Wednesday, June 22, 2011

Praying around the cross...outside

     So a couple of  Fridays ago there was not a big crowd gathered at 9:30 for prayer around the cross. In fact it was just myself, the Yangster (about whom more later) and Thea.Well, two or three, the Bible says, and Thea is a force. She comes when she is able, and that is not a throwaway sratement from her. Thea is dying rather mor quickly than most of us, but her determination to do what is to be done in the meantime is, as they say, a witness.
     In the event, it was one of those perfect, silken late spring evenings, and we decided to carry the cross outside the red doors. We stood it upright and put the candles where we could and just got on with the singing ad the praying and the chanting. Then we talked for a sweet long time. A blessing.

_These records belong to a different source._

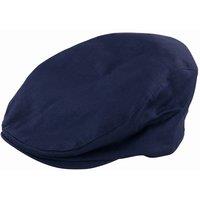 Result Men Gatsby Cap in Navy | Size: X-Large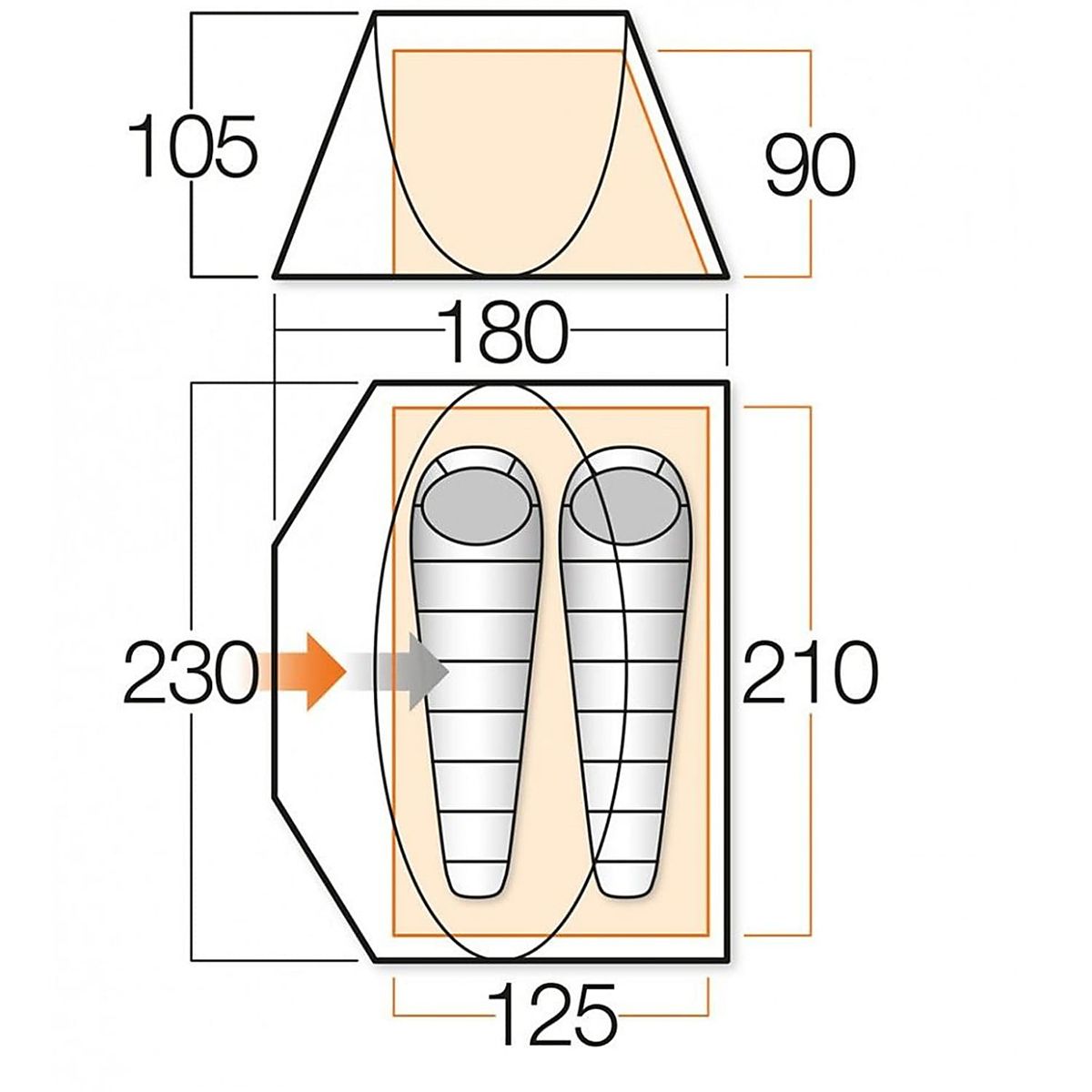 Vango Pop, 200, River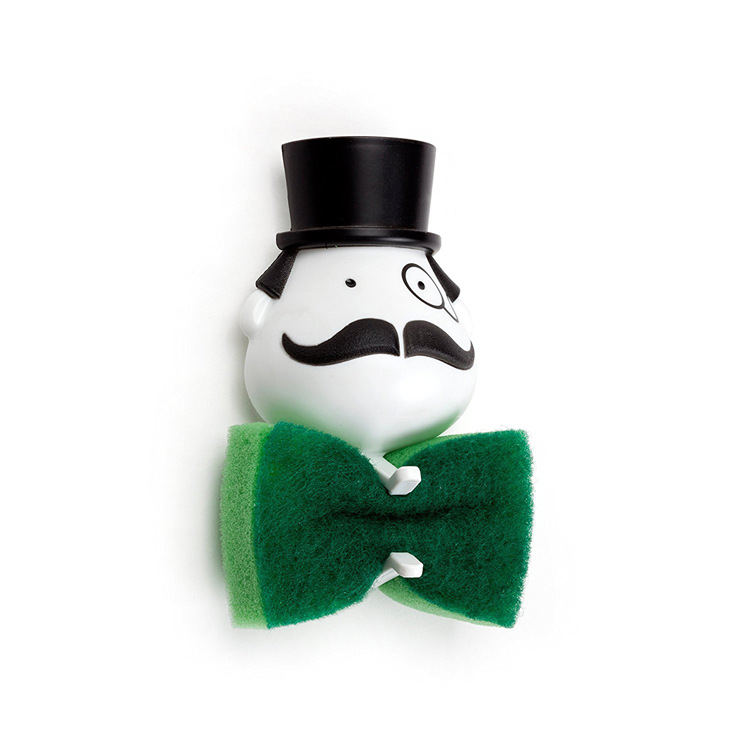 Creative Mr. Sponge 100 clean cloth sponge wipe storage rack multi-purpose sink storage of bituminous water shelves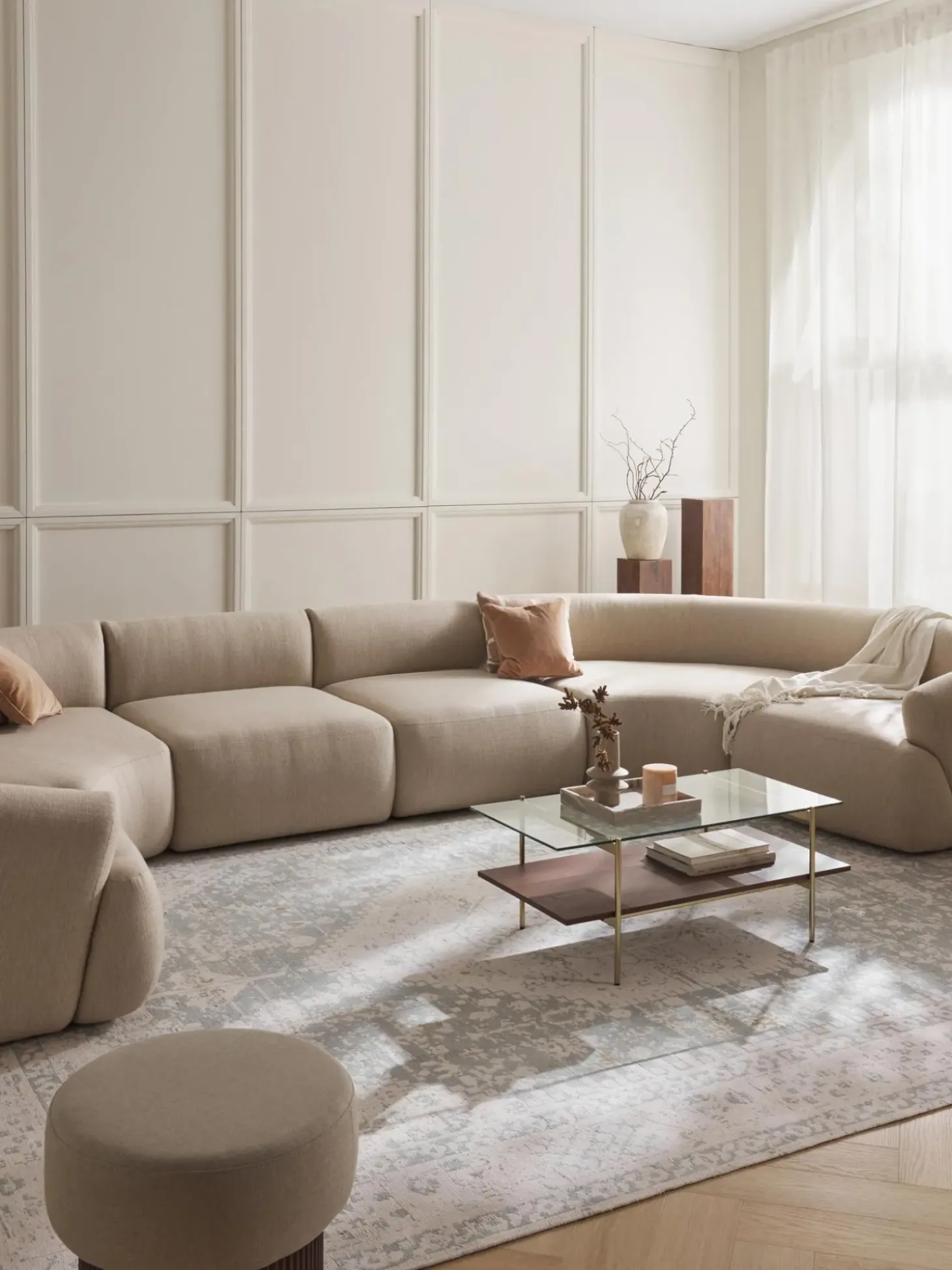 Sofa Rinconera Modular Grande Sofia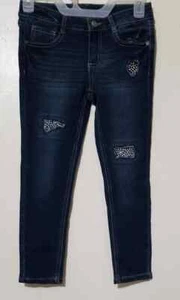 Wonder Nation Skinny Jeans With Adjustable Waist Size 7 (LOC TUB-G-10) - Picture 1 of 3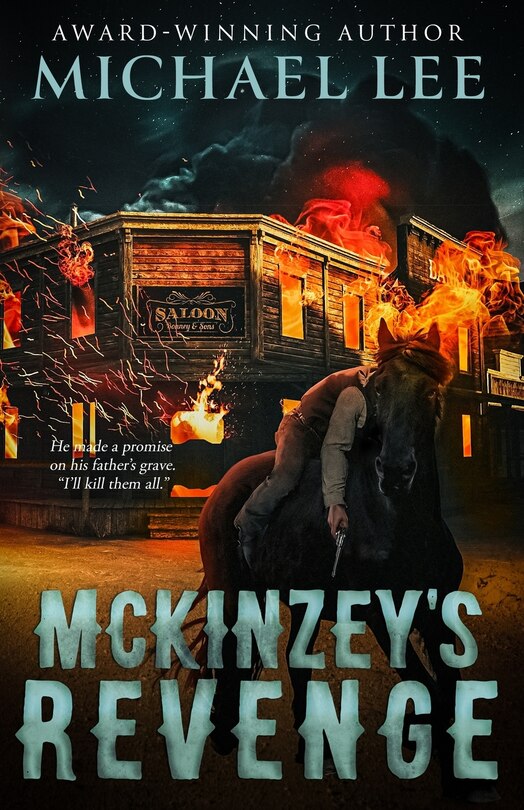 Front cover_McKinzey's Revenge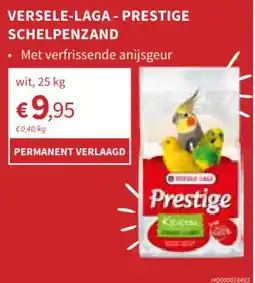 Horta versele-laga schelpenzand aanbieding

     Thea was there the first night we did prayer around the ctoss a few months ago.So was the Yangster, my 11 yea rold, who is a boy scout kinda guy and good with fire. There, too, was a somewhat challenged but extremely game fella. I said a few words of introduction, we talked about those for whom we were praying and prayed for them. I invited people to light candles and place them on or around he cross, then settled into some chanting after I lit a candle to show how its done. Pasta, especially vermicelli, makes a fine candle lighter,so I took a light from a candle already on the cross and lit a tea candle.  The Yangster lit a few, then our somewhat callenged but game brother started in. He apparantly thought the idea was to light all the candles, and he went at it with great gusto and little success. Pasta is a good lighter, but if you take a light from a candle at one ed of the cross and arc it toward a tea candle on the table at the other end...well, the Yangster observed the next day, "I never quite gt it before about insanity being doing the same thing over and over and expecting different results." He moved in to assist. And then I glanced over at Thea, who was bent double in her motorized chair. Oh, dear thought I, tere's no better place to meet God and all, but....  I went to her and put a hand on her back. She was breathing. I was delighted. So I got down on the floor, peered up in her face, and whispered, "Are you OK, or do you need a little push?"
At which point Marilyn, who is rather more attuned to God's time than mine strolled in, assumed I was hearing a confession, and made to leave. So I tried to call her back quietly (foolish, she is a bit deaf) while pushing Thea to upright,  and holy laughter ensued.
    I may have told you all you need to know about St. Johns' already. We'll see.